On Linux production environment, the most commonly used set of "AWK" skills

hi, Hello, everyone, little sister the taste of the most useful series ended. I remember a lot of forwards, point like oh.

The most useful series:

"On Linux production environment, the most commonly used set of" vim "skills"

"On Linux production environment, the most commonly used set of" Sed "skills"

"On Linux production environment, the most commonly used set of" AWK "skills"

"" Sed "advanced features: my little head around almost fainted."

Software name dare to do with their name, have a very strong self-confidence. For example, Yin language or something.

awkThe name is derived from its three founders surname initials else, all 80来岁of the grandfather. Of course, there are four combinations: popular GoF design patterns. But for me this game lovers, thought turned out to be the Trinity, it really is disappointing ah.

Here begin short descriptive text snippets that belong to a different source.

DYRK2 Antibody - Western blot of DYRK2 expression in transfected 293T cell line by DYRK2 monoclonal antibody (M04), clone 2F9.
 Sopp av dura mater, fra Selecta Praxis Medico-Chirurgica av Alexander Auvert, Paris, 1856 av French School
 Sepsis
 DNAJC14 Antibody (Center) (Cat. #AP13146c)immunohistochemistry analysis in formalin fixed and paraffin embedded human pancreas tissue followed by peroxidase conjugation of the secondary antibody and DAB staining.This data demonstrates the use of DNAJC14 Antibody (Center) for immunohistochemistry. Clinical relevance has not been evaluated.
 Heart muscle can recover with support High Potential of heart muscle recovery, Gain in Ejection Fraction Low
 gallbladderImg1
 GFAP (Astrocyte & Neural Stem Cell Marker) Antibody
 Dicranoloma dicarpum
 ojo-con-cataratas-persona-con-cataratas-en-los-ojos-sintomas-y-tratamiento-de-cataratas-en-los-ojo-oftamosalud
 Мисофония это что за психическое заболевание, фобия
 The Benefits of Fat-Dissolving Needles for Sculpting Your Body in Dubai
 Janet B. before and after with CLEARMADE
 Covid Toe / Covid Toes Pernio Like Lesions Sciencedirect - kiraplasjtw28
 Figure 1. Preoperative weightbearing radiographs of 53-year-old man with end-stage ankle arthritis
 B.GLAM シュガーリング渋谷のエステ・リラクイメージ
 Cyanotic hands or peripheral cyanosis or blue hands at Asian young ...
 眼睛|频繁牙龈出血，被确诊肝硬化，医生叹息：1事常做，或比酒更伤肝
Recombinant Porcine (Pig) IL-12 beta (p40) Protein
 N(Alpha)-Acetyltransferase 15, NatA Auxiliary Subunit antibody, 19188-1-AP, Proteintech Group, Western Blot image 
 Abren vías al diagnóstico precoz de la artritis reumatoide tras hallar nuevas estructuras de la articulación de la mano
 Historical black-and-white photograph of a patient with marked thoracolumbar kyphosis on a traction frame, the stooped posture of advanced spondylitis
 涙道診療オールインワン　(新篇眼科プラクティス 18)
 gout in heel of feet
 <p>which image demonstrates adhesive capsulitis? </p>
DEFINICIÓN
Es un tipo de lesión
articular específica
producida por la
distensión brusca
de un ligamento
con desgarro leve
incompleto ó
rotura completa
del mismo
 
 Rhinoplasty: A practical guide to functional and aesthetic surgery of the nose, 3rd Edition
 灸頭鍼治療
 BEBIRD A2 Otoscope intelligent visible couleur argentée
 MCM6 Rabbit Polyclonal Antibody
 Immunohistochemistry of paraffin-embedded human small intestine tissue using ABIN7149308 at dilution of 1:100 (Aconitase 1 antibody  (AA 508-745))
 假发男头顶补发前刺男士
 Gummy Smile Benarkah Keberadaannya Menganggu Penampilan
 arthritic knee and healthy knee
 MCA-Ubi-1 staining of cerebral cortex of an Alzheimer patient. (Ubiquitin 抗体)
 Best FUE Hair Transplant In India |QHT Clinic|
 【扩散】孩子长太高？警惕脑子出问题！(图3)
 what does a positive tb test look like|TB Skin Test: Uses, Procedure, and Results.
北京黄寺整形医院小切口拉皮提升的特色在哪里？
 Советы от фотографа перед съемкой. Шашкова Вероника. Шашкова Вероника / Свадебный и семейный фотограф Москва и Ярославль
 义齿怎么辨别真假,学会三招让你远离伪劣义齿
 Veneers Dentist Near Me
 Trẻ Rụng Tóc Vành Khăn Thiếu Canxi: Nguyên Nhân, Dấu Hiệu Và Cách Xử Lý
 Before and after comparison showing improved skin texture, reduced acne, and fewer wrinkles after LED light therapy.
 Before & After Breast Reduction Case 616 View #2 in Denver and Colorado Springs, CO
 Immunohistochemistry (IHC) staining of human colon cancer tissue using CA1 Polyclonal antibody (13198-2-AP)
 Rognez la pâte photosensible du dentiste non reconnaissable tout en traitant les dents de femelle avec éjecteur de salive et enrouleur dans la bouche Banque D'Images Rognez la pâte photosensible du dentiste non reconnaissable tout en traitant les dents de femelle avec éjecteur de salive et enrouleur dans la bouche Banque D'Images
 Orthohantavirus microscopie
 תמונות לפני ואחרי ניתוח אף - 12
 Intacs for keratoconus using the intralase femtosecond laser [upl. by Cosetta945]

It is long like C, why so famous, in addition to its powerful features, we just assume that athe letter of it quite early. awkThan sedsimple, it is more like a programming language.

Print a column

Next, the effect of these lines is substantially the same: The first column of the print file.

#Java
System.out.println(aStr.split(" ")[0]);

#Python
print(aString.split(" ")[0])

#cut 命令
cut -d " " -f1   file

#awk命令
awk '{print $1}' file
复制代码

This is probably the most commonly used features of awk: a column in the print file . It's smart to segmentation of your data, whether it is 空格, or TAB, a high probability that you want.

For this csv files, delimited characters are ,. AWK use -Fparameters to specify. 1 and 2 the following code print csv file.

awk -F ","  '{print $1,$2}' file
复制代码

Thus, we can see a fundamental part of awk commands.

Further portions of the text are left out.